Bank Rupture

But the Committee of Reference, its filtering body which is independent of F&C and Friends Provident, reckoned that financial services companies had changed and so it agreed to revise its criteria: ‘in large part due to the growing influence of sustainable investment, a number of leading insurers and banks have come to integrate these factors into their core lending and insurance practices’.

And so the fund manager’s of the F&C Stewardship fund invested in RBS, Barclays and HBOS to name but a few. The rest, as they say, is history and the fund, which had begun to turn on its head the myth of ethical funds not being able to match their non-green counterparts, has plummeted to the wrong end of the performance tables.

A look at the ABI tables shows the fund has delivered fourth quartile performance against its non-ethical peers over the past one, three and five years.

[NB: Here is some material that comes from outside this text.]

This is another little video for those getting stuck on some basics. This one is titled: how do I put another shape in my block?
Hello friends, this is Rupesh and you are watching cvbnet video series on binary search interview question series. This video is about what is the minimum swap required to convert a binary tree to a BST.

Indeed, during the five years to the beginning of February investors would hardly have made a bean.

Had the change in strategy not occurred performance could have been a great deal better. Instead, it may have harmed the green brigade foray into pensions given that it is frequently viewed as the flagship fund for ethical investing. Talk to employee benefits consultants, IFAs and pension consultants and ask them to suggest an ethical fund and the Stewardship name always gets a mention.

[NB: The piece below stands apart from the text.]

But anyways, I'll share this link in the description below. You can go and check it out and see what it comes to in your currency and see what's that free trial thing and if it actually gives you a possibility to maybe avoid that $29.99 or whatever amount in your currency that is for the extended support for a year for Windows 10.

Jason Tse, certified financial planner at Barchester Green, the ethical IFA, says: “It is hard to explain to clients. It used to be one of our favourites for firms but the decision to include banks has hit performance.”

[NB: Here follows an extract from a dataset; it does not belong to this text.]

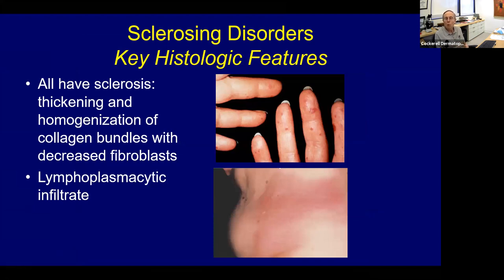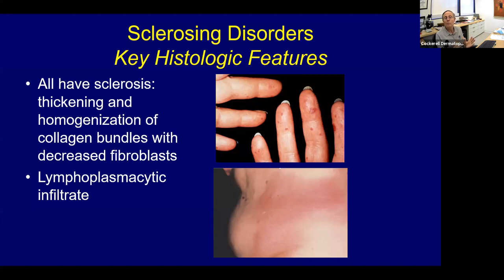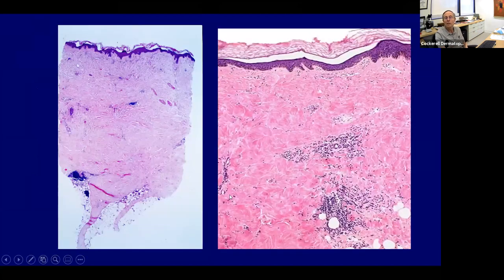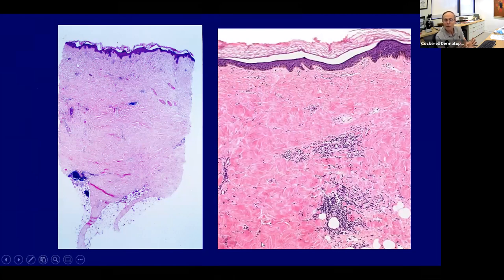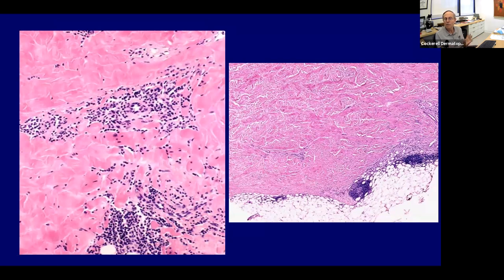Sclerosing disorders — morphea, scleroderma, CREST — strongly recommend learning about these. All have the classic reaction pattern of sclerosis of the collagen in the dermis and can look histologically the same, requiring clinical correlation. Sclerosis is thickening and homogenization of collagen bundles with a decrease in fibroblasts — distinct from fibrosis, which is an increase in fibroblasts. A beautiful example of morphea or scleroderma shows sclerotic homogenized collagen bundles, few fibroblasts, and lymphoplasmacytic aggregates.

F&C is distancing itself from the decision: “The decision to allow selected financial stocks eligible – certain banks and insurers – was a policy change by the Committee of Reference which is independent of F&C and Friends Provident.

“Previously pretty much most of the big financials had been excluded on the basis that you don’t know who they are lending to, so they might be lending to businesses that would in their own right be excluded. The revised policy recognised that some banks had made strides in areas such as adopting the Equator Principles and ethical finance products,” says F&C spokesman Jason Hollands.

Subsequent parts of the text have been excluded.